By Maria Ojer
Coming from a third world country, life was full of driving around with fear of being robbed and going to supermarkets not knowing if the right products would be available to us.
In America, internationals have the opportunity to safely walk by themselves in the middle of the night or go to Publix and buy necessities to get them through the next couple of days.
I was born and raised in Caracas, Venezuela, the most dangerous city in the world. For us, it is a normal feeling to live with fear, having to drive bulletproof cars and genuinely having the fear of the unknown.
Nowadays, there is no quality of living in the country at all. People are hungry, everything is way too expensive and as the days go by the insecurities of the country rises even more.
It is such a shame to see half of my classmates, including myself, being forced to leave the country and go to college far away from home, but we have to see the positive side of the situation. It is a blessing to have the opportunity to be able to live in a country where you do not have to worry about things you once had to.
I could say that living in the states and studying at Lynn is the best thing that could have ever happened to me. Even though I miss my family and friends immensely, I am taking advantage of this opportunity as I prepare myself to be the best professional I could be.
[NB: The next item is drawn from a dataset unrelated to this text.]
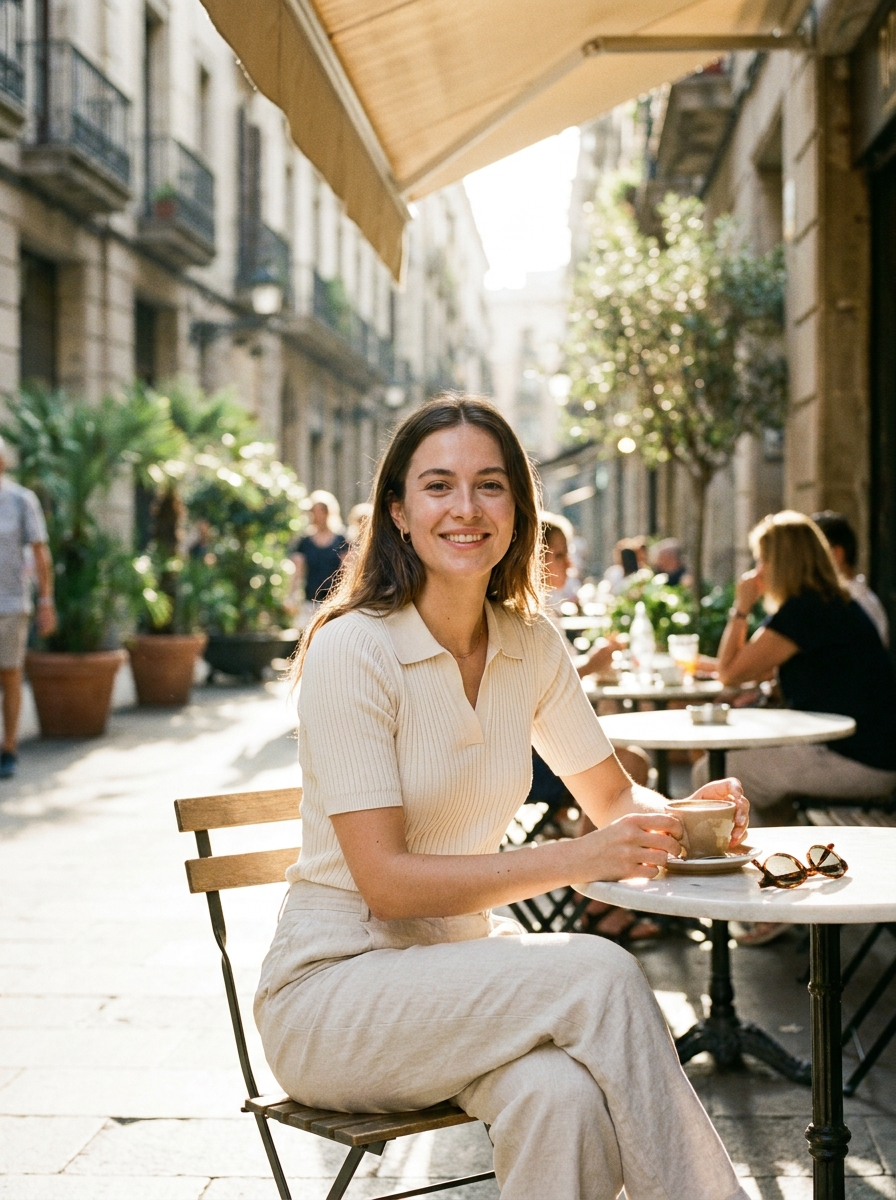 Woman wearing a ribbed knit short-sleeve polo top, front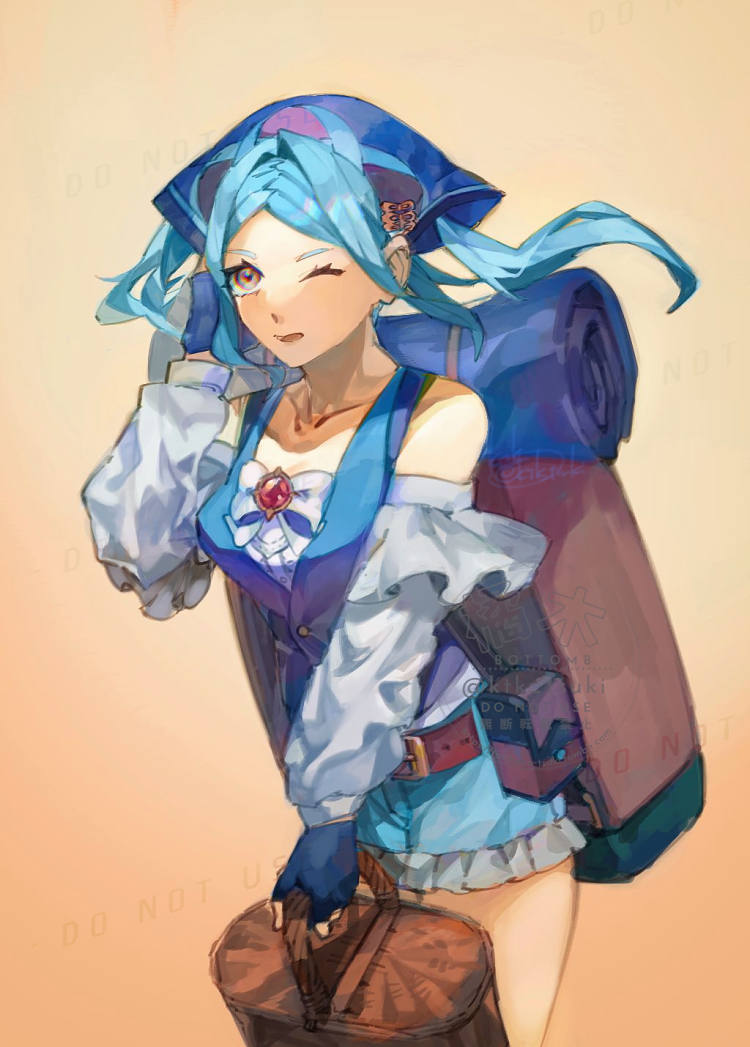 1girl, bandana, blue_gloves, blue_hair, fingerless_gloves, fire_emblem, fire_emblem_fates, fire_emblem_heroes, flora_(fire_emblem), flora_(picnic)_(fire_emblem), gloves, long_hair, long_sleeves, official_alternate_costume, one_eye_closed, picnic_basket, solo, tatibana-tsuki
Furthermore, it hurts watching how the country is falling apart and how much the people are suffering every day. The minimum wage in Venezuela is approximately $14 a month, making Venezuelans hungry and unable to maintain themselves and their families.
This is why I feel so grateful for the fact that I have the opportunity to live in a place where I do not have to worry about kidnappings, not finding the food or the products I want to buy at the supermarket and not being able to graduate on time due to all of the protests that are going on in Venezuela. Also, to take advantage of all the things I am learning here so one day I can contribute on building a better Venezuela so my children can grow up in a place I once called home.